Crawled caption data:
════════════════════
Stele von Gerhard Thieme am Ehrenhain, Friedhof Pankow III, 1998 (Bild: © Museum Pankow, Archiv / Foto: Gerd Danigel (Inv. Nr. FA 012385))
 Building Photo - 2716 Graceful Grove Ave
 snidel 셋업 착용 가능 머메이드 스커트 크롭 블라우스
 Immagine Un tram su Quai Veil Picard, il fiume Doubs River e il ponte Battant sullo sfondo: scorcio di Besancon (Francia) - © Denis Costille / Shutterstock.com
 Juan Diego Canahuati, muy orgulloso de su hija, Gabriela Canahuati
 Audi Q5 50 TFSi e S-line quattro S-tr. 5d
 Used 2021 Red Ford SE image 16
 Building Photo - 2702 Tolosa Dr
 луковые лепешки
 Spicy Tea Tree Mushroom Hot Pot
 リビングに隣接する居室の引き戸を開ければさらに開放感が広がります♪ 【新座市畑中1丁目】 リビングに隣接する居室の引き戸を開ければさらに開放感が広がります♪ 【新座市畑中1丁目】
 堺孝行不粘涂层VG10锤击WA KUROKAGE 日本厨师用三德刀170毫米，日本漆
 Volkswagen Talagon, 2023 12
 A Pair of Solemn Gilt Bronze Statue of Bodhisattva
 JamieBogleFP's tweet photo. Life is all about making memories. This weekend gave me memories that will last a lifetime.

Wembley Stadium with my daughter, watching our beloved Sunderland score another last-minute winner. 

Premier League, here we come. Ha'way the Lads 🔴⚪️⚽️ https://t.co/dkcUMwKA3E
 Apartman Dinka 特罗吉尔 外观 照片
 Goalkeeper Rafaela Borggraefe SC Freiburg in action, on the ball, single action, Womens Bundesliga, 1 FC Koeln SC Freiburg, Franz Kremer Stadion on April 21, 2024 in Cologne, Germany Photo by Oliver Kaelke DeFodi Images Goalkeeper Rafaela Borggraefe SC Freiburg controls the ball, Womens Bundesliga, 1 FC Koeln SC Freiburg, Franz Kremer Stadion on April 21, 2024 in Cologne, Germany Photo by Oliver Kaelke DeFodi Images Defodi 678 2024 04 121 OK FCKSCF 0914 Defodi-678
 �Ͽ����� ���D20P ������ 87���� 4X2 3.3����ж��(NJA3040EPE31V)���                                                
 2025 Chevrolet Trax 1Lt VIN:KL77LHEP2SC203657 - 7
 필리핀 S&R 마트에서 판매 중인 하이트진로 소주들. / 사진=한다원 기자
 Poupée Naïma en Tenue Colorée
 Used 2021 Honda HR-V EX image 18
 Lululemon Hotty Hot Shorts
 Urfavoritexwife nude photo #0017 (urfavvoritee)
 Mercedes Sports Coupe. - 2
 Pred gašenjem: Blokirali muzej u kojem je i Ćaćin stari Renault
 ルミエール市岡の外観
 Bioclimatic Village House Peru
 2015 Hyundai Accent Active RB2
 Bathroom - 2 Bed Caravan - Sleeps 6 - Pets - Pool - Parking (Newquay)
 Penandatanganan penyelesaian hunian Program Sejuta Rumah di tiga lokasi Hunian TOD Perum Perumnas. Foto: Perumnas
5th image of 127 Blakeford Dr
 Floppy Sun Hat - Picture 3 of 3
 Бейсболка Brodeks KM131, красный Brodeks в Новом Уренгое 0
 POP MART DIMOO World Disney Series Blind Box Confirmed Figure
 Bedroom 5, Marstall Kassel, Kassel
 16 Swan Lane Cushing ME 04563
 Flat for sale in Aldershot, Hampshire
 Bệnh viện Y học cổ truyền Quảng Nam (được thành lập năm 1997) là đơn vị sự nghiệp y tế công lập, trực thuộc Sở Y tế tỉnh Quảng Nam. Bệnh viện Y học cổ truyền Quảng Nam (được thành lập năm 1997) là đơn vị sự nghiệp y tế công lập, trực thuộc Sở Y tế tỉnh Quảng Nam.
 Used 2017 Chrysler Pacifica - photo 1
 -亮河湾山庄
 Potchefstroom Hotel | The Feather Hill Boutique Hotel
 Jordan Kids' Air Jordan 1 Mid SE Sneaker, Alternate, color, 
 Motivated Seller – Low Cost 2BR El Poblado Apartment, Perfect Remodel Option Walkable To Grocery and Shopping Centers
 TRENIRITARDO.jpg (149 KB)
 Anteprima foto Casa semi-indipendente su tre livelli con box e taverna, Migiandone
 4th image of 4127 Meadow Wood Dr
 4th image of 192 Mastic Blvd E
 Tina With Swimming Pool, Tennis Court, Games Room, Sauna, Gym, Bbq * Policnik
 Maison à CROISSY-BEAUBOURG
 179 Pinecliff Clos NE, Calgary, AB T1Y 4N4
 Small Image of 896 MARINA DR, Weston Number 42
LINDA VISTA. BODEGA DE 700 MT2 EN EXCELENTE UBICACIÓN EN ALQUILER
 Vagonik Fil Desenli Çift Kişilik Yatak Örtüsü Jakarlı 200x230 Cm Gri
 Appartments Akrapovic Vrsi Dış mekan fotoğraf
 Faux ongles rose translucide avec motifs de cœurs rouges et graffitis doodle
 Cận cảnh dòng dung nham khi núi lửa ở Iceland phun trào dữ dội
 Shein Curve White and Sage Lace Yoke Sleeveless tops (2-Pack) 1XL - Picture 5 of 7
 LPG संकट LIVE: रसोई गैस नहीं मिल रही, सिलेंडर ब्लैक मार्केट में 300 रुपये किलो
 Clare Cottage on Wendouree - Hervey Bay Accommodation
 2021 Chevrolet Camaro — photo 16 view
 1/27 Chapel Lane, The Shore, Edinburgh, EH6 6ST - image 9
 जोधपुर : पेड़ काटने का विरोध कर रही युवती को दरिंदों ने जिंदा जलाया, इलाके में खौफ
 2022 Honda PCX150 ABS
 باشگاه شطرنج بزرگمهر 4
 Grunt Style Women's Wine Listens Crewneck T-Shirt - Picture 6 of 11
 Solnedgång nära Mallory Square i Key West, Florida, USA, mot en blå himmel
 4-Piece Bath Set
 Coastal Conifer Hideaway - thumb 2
════════════════════
What to produce |
Using the data above, transcribe the lines that run from the line with "16 Swan Lane Cushing ME 04563" to the line with "1/27 Chapel Lane, The", both ends kept, and output nothing else.

Written response |
 16 Swan Lane Cushing ME 04563
 Flat for sale in Aldershot, Hampshire
 Bệnh viện Y học cổ truyền Quảng Nam (được thành lập năm 1997) là đơn vị sự nghiệp y tế công lập, trực thuộc Sở Y tế tỉnh Quảng Nam. Bệnh viện Y học cổ truyền Quảng Nam (được thành lập năm 1997) là đơn vị sự nghiệp y tế công lập, trực thuộc Sở Y tế tỉnh Quảng Nam.
 Used 2017 Chrysler Pacifica - photo 1
 -亮河湾山庄
 Potchefstroom Hotel | The Feather Hill Boutique Hotel
 Jordan Kids' Air Jordan 1 Mid SE Sneaker, Alternate, color, 
 Motivated Seller – Low Cost 2BR El Poblado Apartment, Perfect Remodel Option Walkable To Grocery and Shopping Centers
 TRENIRITARDO.jpg (149 KB)
 Anteprima foto Casa semi-indipendente su tre livelli con box e taverna, Migiandone
 4th image of 4127 Meadow Wood Dr
 4th image of 192 Mastic Blvd E
 Tina With Swimming Pool, Tennis Court, Games Room, Sauna, Gym, Bbq * Policnik
 Maison à CROISSY-BEAUBOURG
 179 Pinecliff Clos NE, Calgary, AB T1Y 4N4
 Small Image of 896 MARINA DR, Weston Number 42
LINDA VISTA. BODEGA DE 700 MT2 EN EXCELENTE UBICACIÓN EN ALQUILER
 Vagonik Fil Desenli Çift Kişilik Yatak Örtüsü Jakarlı 200x230 Cm Gri
 Appartments Akrapovic Vrsi Dış mekan fotoğraf
 Faux ongles rose translucide avec motifs de cœurs rouges et graffitis doodle
 Cận cảnh dòng dung nham khi núi lửa ở Iceland phun trào dữ dội
 Shein Curve White and Sage Lace Yoke Sleeveless tops (2-Pack) 1XL - Picture 5 of 7
 LPG संकट LIVE: रसोई गैस नहीं मिल रही, सिलेंडर ब्लैक मार्केट में 300 रुपये किलो
 Clare Cottage on Wendouree - Hervey Bay Accommodation
 2021 Chevrolet Camaro — photo 16 view
 1/27 Chapel Lane, The Shore, Edinburgh, EH6 6ST - image 9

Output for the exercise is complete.